Prison Security - NIC Resources
The tools, strategies, and techniques that will allow corrections staff, mental health service providers, and advocates to work together to develop and implement a crisis intervention team (CIT) are presented. CITs help reduce crisis situations, improve safety, and promote better outcomes for persons with mental illness. Participants will learn: about the core elements of a locally developed and owned CIT for managing mental illness in prisons, jails, and community corrections; how to develop collaborative partnerships and implement a CIT model that takes a team approach engaging community stakeholders, including corrections agencies, local mental health agencies, family advocacy groups, and others; and how to defend a CIT’s effectiveness in enhancing correctional staff’s knowledge and skills, aiding administrators in improved management and care for a special population, reducing liability and cost, improving community partnerships for increased access to resources and supports, and increasing safety for all.
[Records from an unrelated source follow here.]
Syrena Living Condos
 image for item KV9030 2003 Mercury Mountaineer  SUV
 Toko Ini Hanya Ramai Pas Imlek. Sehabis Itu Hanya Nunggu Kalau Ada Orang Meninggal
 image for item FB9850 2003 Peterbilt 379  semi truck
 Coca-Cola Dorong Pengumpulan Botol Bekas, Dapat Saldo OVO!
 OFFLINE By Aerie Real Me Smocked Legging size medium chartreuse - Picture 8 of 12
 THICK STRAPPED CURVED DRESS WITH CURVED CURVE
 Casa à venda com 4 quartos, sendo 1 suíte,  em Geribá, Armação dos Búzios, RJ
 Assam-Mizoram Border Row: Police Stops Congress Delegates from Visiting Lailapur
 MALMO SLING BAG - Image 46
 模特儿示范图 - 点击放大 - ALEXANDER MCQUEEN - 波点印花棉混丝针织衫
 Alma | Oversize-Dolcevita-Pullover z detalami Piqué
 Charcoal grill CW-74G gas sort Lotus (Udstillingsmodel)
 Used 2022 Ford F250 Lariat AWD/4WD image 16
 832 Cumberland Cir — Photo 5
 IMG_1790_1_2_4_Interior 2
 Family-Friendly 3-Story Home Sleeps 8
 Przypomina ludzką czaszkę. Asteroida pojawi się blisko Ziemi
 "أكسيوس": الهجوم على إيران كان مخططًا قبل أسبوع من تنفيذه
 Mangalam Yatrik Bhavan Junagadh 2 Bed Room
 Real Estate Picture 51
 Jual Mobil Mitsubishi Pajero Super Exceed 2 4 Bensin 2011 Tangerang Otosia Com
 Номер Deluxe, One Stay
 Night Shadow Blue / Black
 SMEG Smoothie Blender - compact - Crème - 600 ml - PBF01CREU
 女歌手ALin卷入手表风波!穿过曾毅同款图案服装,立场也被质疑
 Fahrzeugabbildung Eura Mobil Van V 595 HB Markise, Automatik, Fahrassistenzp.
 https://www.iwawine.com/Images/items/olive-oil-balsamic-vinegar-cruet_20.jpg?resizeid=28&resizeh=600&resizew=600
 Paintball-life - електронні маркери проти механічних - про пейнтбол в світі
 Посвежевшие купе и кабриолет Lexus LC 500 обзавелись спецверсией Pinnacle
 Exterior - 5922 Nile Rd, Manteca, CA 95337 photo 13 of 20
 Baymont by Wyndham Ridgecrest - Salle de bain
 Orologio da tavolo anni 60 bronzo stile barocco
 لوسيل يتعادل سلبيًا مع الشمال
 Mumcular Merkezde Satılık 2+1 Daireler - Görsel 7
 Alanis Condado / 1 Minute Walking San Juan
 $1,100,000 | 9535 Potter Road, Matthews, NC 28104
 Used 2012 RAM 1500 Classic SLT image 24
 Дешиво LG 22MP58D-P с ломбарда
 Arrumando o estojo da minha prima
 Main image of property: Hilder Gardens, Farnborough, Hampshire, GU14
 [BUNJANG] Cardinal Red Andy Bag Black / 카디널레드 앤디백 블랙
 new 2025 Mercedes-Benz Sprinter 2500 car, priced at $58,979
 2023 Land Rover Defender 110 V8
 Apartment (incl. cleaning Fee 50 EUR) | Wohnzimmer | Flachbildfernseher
Overall, this training program focuses on building an agency’s capacity to implement a locally owned and administered CIT program and the training for that program. Sections of this manual include: crisis intervention teams—history, benefits, and successes; partnership and stakeholder development; organizational leadership and program sustainability; data collection and evaluation; planning and preparing for CIT training; and Program Development and Implementation Plan (PDIP).
Our nation’s jails, prisons, and community corrections agencies are confronted daily with substantial numbers of persons with mental illness in custody and under supervision. Mental illness in corrections demands an urgency of response, services, and care. Correctional staff have attempted to manage individuals suffering mental illness with varying degrees of success. In searching for meaningful methods of response, some agencies, in partnership with stakeholder communities, have implemented Crisis Intervention Teams (CITs).
CITs have matured from a law enforcement first responder model to new community partnerships with corrections. This team approach incorporates community, frontline law enforcement, and corrections agencies in a collaborative effort to address this growing problem. CITs are effective in enhancing correctional staffs’ knowledge and skills, aiding administrators in improved management and care for a special population, reducing liability and cost, improving community partnerships for increased access to resources and supports, and increasing safety for all.
Participants will be able to:
- Describe the core elements of CIT.
- Describe the benefits of CIT for correctional staff, community stakeholders, persons with mental illnesses, and local criminal justice and mental health agencies.
- Identify ways to sustain a systemwide CIT program supported by key stakeholders and active community involvement.
- Assess agency readiness to start a CIT program and identify resources for implementation.